Work item:
Every line from the one holding "Jim Rohn: Educate Yourself Daily" through the last line of the records must be retyped exactly, and no other line or picture may appear in the copy.

[Data to process Boundary: Start]

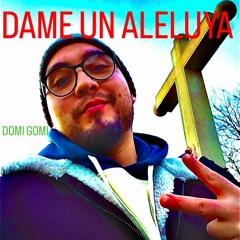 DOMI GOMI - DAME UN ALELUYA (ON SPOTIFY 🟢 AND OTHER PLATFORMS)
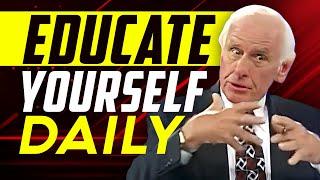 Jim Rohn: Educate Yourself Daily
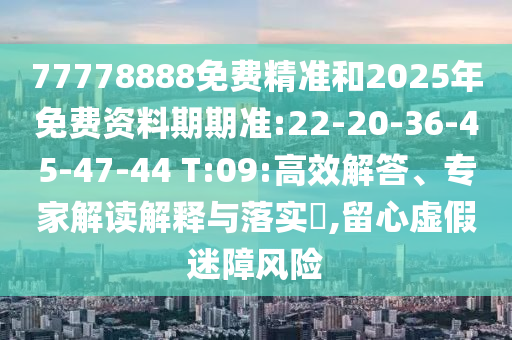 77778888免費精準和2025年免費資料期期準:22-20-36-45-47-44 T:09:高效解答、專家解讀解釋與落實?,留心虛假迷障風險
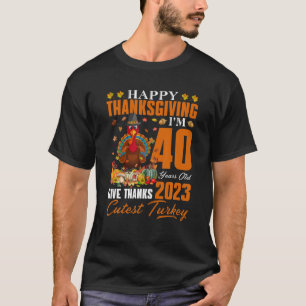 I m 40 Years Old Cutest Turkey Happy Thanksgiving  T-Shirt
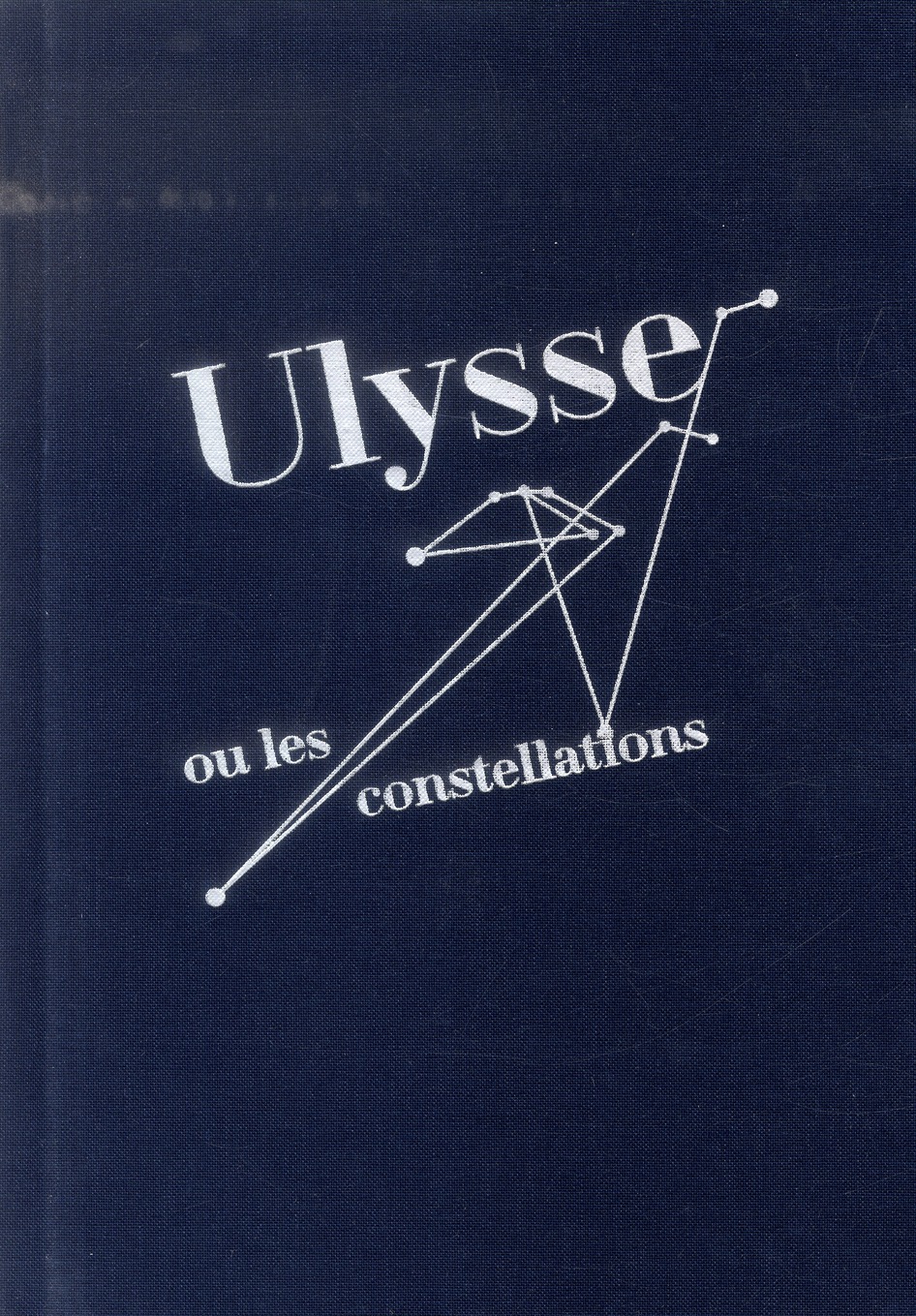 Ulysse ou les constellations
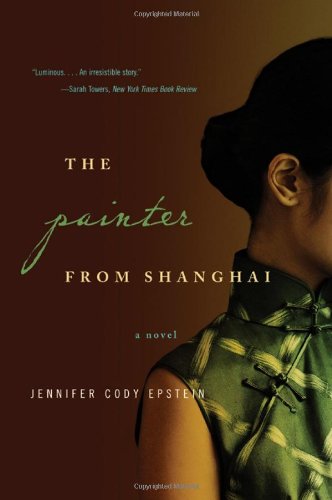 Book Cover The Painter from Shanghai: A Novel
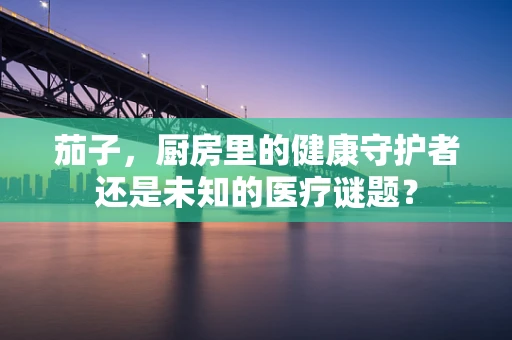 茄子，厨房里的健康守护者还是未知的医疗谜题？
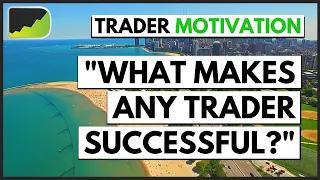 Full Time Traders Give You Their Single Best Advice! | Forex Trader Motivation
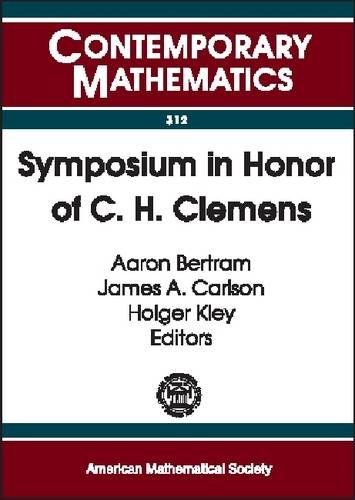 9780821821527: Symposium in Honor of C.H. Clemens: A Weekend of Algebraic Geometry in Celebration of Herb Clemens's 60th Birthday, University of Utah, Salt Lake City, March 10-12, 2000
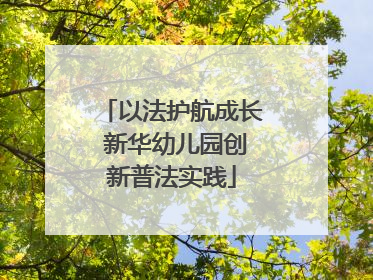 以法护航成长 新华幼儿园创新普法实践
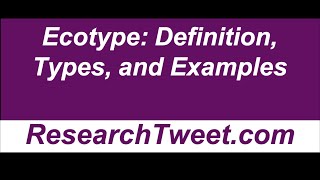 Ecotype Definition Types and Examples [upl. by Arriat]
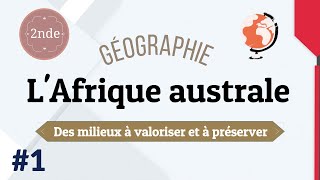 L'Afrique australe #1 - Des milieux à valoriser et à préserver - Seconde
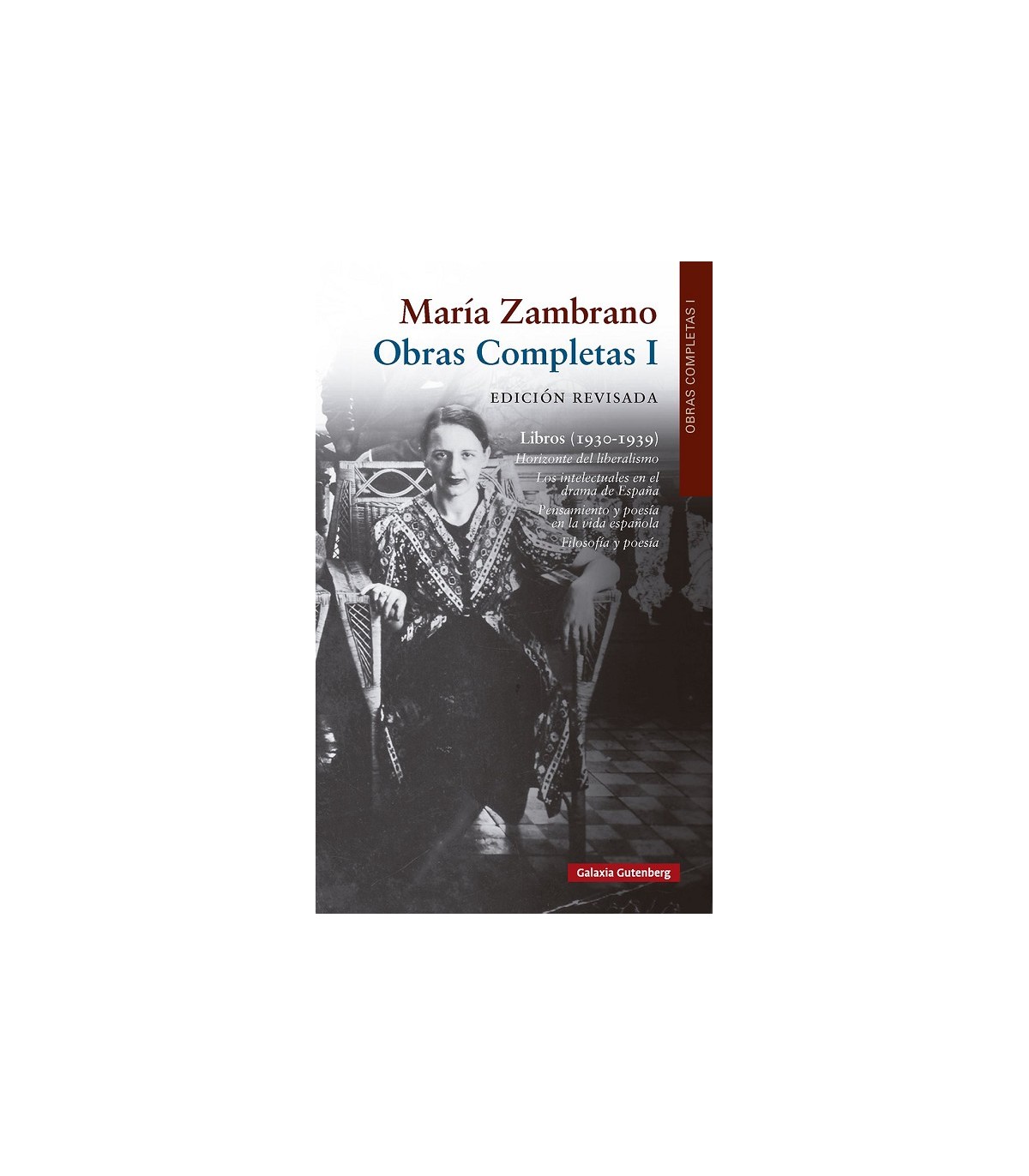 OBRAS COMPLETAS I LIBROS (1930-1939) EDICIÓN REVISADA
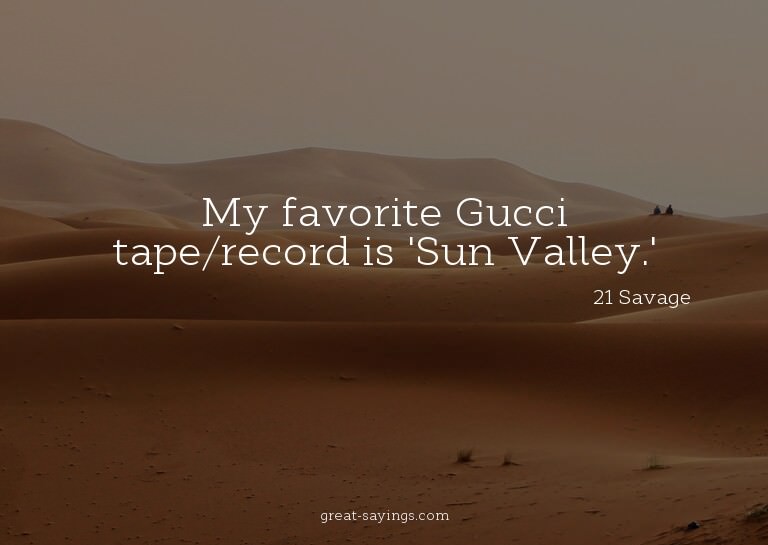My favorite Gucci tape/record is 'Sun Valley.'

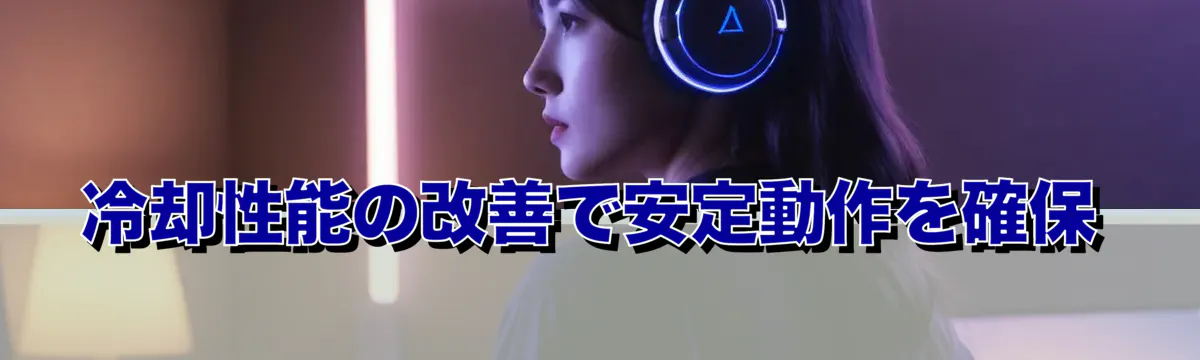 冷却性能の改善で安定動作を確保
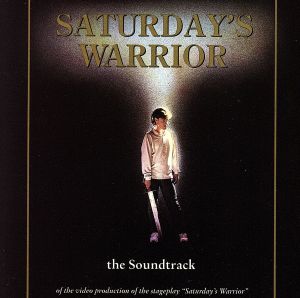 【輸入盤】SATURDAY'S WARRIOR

[Data to process Boundary: End]

Response to this task:
 Jim Rohn: Educate Yourself Daily
 77778888免費精準和2025年免費資料期期準:22-20-36-45-47-44 T:09:高效解答、專家解讀解釋與落實?,留心虛假迷障風險
 I m 40 Years Old Cutest Turkey Happy Thanksgiving  T-Shirt
 Ulysse ou les constellations
 Book Cover The Painter from Shanghai: A Novel
 茄子，厨房里的健康守护者还是未知的医疗谜题？
 Full Time Traders Give You Their Single Best Advice! | Forex Trader Motivation
 9780821821527: Symposium in Honor of C.H. Clemens: A Weekend of Algebraic Geometry in Celebration of Herb Clemens's 60th Birthday, University of Utah, Salt Lake City, March 10-12, 2000
 以法护航成长 新华幼儿园创新普法实践
 Ecotype Definition Types and Examples [upl. by Arriat]
 L'Afrique australe #1 - Des milieux à valoriser et à préserver - Seconde
 OBRAS COMPLETAS I LIBROS (1930-1939) EDICIÓN REVISADA
My favorite Gucci tape/record is 'Sun Valley.'

 冷却性能の改善で安定動作を確保
 【輸入盤】SATURDAY'S WARRIOR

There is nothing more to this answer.